Fewer firms and less technological competition will be bad for consumers and is antithetical to EPCA. Having a lower price option that may be less efficient competing against a more efficient higher price option will engender competition to develop technologies that move prices lower and efficiency higher overall. By eliminating half of the equation, these compelled standards eliminate an essential force to move technology forward. 

Congress, right or wrong, sought to improve consumer product efficiency when it passed EPCA, but it was not seeking to empower DOE to in effect ban products.
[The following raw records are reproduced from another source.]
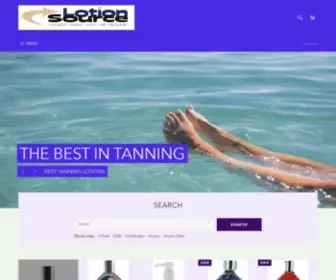 Lotionsource.com(Lotion SourceTanning) Screenshot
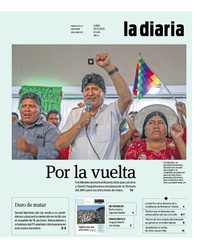 Tapa de la diaria del lunes 20 de enero de 2020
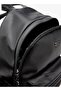 Solid Backpack with Zip Closure and Adjustable Strap - W 20 x H 41 x D 12 cm - 4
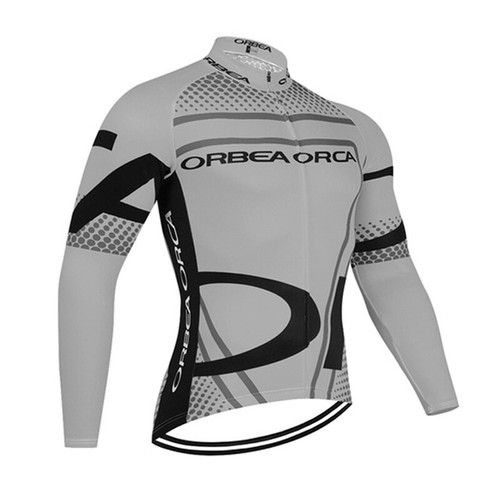 Men Team Cycling Jersey Long Sleeve Bike Shirt Quick Dry Outdoor Bicycle Uniform - Picture 22 of 53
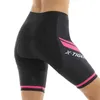 Shorts femininos X-TIGER Shorts de ciclismo feminino 3D Gel acolchoado à prova de choque MTB Mountian Shorts Road Racing Bike Shorts Summer Outfit ClothesL24313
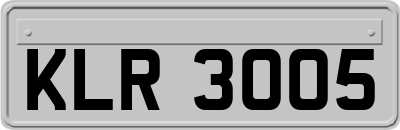 KLR3005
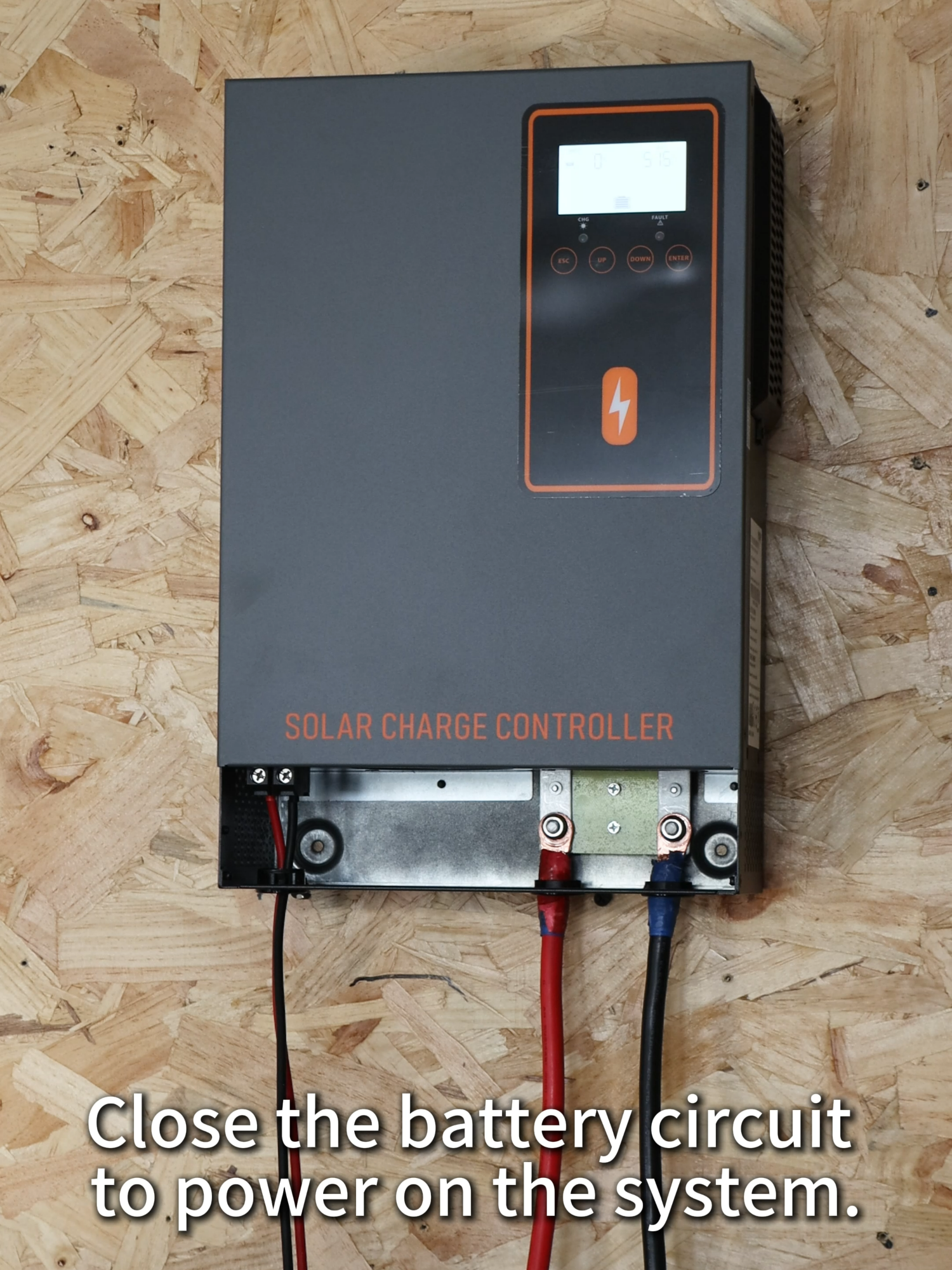 Quick Installation of POW-48140A This 140A high voltage solar controller uses MPPT technology to achieve maximum energy collection efficiency by monitoring the voltage and current output of the solar panel in real-time. Up to 450V input, which means it can handle more solar panels connected in series, It can reduce the overall line loss and connection complexity of the system and improve charging efficiency. More Info: https://powmr.com/products/mppt-solar-charge-controller-140a-48v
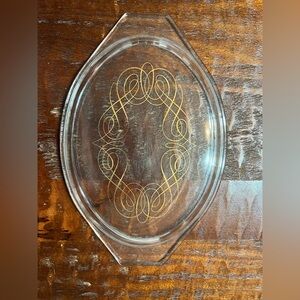 PYREX | Princess Casserole vintage promotional piece - LID ONLY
Empower Americans, not Washington

None of this is to argue that energy efficiency does not have value. It obviously does. However, that value is best determined by American consumers and businesses calculating the value of long-term savings against the near-term costs. 

The flexibility to assess economic tradeoffs is even more important to low-income Americans. According to the United States Office of Management and Budget, “some research indicates that energy efficiency regulations adversely affect lower-income consumers more than those who earn a higher income.” Scholarly research shows further that, energy efficiency regulation hits lower income Americans harder than energy taxes, which are recognized as being generally regressive. 

Indeed, marketplace choice provides the precise sort of flexibility that American consumers depend on to manage home economic challenges. 

DOE often attempts to justify increased near-term costs with alleged savings. Unfortunately, these savings are generally averages for an entire market and often do not account for variability for costs like installation fees and retrofits. The fact is that some families will necessarily incur much greater costs than others and DOE rarely reflects this reality.

This is a critical point when assessing how a proposed standard will affect individual Americans—especially those facing economic challenges. American are perfectly capable of weighing for themselves the value of additional efficiency against the additional costs associated with most compelled efficiency upgrades. Indeed, Americans are making those decisions, and many are opting for greater efficiency, which makes imposing these costs on everyone even less rational and justified. 

Conclusion

Given America’s energy abundance, the value of efficiency to consumers, and the importance of consumer choice, the president, be it President Joe Biden or a future president, should direct the secretary of energy to cease all efficiency related actions pending a review and certification that those actions are consistent with the word and spirit of EPCA. Simultaneously, Congress should begin work to significantly curtail, if not completely repeal, EPCA’s energy efficiency provisions. 

The conditions that gave rise to EPCA in 1975 are clearly no longer in place. Further, like most regulations, federal bureaucrats have taken the authority granted them by Congress to expand their power far beyond what anyone intended. The time has come for policymakers to stop complaining about ridiculous efficiency regulations and finally do something about it.

Jack Spencer is Senior Research Fellow for Energy and Environmental Policy at The Heritage Foundation.